• _EXERCISE MATERIAL_:
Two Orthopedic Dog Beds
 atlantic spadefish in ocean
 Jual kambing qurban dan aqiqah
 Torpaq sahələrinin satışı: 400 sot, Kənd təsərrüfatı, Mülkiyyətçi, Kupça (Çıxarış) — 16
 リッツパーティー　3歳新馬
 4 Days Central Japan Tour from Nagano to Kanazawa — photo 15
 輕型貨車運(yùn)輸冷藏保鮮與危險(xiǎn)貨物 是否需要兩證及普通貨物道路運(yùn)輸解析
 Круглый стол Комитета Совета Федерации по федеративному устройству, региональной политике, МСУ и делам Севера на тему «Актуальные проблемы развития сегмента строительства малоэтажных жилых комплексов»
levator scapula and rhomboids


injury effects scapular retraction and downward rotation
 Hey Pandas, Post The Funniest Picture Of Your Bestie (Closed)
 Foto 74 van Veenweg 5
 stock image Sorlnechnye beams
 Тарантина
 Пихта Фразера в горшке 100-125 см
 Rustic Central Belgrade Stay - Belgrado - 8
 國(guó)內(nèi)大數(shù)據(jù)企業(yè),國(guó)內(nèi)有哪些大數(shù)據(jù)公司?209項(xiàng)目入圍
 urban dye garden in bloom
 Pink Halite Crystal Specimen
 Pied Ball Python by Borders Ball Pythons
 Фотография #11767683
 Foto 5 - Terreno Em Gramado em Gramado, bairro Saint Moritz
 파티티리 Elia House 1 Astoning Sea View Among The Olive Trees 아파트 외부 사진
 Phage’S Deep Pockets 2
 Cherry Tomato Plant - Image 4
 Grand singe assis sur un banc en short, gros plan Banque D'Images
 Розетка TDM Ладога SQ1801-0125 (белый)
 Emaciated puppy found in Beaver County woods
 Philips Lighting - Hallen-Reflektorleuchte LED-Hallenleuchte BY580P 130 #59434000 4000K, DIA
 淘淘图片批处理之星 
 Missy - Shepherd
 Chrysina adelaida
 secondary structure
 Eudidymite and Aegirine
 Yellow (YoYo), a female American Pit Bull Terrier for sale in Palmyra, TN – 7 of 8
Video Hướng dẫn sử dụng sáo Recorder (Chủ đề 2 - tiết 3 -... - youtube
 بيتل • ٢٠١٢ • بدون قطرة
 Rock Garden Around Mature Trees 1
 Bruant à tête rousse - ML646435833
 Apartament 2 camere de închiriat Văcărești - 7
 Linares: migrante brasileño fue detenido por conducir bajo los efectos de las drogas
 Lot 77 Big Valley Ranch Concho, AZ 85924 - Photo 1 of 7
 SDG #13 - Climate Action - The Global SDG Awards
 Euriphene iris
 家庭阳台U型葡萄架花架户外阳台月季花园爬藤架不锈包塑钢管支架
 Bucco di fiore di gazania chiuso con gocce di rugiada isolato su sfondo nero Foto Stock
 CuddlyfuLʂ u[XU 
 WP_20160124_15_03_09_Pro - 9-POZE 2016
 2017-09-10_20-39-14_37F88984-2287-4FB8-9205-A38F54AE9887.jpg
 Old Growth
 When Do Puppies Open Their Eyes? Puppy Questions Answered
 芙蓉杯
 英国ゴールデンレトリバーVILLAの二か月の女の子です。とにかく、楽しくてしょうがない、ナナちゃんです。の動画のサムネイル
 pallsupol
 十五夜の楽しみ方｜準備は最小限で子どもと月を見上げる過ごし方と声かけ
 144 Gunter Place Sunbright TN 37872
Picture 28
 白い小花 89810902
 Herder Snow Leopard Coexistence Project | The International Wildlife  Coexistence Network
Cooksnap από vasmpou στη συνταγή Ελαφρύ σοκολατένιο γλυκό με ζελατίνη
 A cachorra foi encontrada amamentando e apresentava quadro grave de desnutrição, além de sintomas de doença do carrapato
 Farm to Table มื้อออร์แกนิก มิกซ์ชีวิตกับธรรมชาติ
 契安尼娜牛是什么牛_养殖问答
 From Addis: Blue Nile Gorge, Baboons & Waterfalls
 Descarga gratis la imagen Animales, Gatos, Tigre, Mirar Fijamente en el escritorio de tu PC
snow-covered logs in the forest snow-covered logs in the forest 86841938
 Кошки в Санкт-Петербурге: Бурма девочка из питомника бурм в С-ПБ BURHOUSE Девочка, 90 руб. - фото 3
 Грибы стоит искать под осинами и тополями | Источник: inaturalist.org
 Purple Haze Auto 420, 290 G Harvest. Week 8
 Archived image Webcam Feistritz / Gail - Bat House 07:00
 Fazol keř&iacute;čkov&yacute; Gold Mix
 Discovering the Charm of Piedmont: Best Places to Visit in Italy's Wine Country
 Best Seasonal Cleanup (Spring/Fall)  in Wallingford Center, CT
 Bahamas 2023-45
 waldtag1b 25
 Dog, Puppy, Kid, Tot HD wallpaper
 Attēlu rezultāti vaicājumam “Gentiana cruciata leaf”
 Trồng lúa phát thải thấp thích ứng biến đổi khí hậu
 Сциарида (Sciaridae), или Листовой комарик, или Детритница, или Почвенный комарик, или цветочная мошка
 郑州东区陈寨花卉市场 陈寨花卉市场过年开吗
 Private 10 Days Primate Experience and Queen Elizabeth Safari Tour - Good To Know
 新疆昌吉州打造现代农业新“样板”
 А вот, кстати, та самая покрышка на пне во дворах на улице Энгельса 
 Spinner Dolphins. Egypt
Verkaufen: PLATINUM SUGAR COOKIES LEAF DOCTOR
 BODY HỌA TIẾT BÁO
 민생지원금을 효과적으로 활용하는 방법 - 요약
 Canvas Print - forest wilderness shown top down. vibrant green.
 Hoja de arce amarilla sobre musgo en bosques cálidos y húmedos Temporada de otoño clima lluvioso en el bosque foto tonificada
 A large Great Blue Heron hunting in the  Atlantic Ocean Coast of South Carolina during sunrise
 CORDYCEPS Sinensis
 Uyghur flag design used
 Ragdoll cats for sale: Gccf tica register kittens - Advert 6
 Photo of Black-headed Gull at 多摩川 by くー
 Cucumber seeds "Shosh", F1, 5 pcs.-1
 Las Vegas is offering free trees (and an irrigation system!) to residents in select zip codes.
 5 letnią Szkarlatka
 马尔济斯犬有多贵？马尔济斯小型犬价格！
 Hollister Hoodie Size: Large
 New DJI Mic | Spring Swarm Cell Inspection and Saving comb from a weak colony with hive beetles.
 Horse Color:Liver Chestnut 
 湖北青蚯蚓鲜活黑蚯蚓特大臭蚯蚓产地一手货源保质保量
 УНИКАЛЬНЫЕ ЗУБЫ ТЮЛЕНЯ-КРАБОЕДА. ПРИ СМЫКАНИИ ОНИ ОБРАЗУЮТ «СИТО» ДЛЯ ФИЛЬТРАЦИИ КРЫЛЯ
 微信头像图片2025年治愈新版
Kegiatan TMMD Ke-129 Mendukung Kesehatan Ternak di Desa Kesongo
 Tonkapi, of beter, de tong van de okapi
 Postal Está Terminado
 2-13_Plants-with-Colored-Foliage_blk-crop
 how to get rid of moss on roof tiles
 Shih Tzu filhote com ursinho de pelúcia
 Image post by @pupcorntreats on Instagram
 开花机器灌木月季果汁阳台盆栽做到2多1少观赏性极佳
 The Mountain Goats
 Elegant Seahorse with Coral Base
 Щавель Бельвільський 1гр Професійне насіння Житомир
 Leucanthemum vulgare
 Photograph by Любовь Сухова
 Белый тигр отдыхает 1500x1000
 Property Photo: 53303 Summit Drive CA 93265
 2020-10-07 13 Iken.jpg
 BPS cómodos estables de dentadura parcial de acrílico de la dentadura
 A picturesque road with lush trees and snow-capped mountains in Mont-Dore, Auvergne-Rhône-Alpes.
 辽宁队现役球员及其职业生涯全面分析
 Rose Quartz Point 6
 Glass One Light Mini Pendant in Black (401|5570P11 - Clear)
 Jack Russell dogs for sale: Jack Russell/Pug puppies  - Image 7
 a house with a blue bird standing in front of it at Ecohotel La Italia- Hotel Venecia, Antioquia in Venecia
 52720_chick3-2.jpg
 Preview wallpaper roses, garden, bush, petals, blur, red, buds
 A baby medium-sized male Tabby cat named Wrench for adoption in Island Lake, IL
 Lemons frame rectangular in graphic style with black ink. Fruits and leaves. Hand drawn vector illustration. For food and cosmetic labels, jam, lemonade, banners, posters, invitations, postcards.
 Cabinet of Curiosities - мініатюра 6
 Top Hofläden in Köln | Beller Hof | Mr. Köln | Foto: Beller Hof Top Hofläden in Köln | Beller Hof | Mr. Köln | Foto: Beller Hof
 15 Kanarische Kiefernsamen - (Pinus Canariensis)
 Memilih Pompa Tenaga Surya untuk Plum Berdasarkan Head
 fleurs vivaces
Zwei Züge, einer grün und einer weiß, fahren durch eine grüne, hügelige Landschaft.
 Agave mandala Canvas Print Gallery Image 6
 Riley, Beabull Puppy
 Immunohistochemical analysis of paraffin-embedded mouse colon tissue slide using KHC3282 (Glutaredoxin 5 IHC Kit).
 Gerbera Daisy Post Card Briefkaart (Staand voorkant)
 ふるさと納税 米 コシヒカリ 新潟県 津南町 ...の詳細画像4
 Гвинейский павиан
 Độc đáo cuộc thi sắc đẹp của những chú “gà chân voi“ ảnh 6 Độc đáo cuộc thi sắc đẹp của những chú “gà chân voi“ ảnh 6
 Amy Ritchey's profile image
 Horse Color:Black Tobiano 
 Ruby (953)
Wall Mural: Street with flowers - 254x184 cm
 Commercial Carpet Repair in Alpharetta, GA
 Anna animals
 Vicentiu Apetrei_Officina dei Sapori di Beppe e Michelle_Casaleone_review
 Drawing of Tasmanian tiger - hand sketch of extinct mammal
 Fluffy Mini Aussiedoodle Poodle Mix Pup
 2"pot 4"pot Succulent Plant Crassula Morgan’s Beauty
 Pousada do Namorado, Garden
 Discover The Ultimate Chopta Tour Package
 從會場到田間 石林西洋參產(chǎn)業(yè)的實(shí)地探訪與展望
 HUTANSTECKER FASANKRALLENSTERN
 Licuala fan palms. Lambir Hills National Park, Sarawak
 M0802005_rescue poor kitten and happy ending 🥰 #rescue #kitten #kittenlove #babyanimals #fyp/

• _WORK TO COMPLETE_: Repeat, word for word, the lines above between the line holding "英国ゴールデンレトリバーVI" and the line holding "契安尼娜牛是什么牛_养殖问答", inclusive; omit everything else.

• _OUTPUT BELOW_:
 英国ゴールデンレトリバーVILLAの二か月の女の子です。とにかく、楽しくてしょうがない、ナナちゃんです。の動画のサムネイル
 pallsupol
 十五夜の楽しみ方｜準備は最小限で子どもと月を見上げる過ごし方と声かけ
 144 Gunter Place Sunbright TN 37872
Picture 28
 白い小花 89810902
 Herder Snow Leopard Coexistence Project | The International Wildlife  Coexistence Network
Cooksnap από vasmpou στη συνταγή Ελαφρύ σοκολατένιο γλυκό με ζελατίνη
 A cachorra foi encontrada amamentando e apresentava quadro grave de desnutrição, além de sintomas de doença do carrapato
 Farm to Table มื้อออร์แกนิก มิกซ์ชีวิตกับธรรมชาติ
 契安尼娜牛是什么牛_养殖问答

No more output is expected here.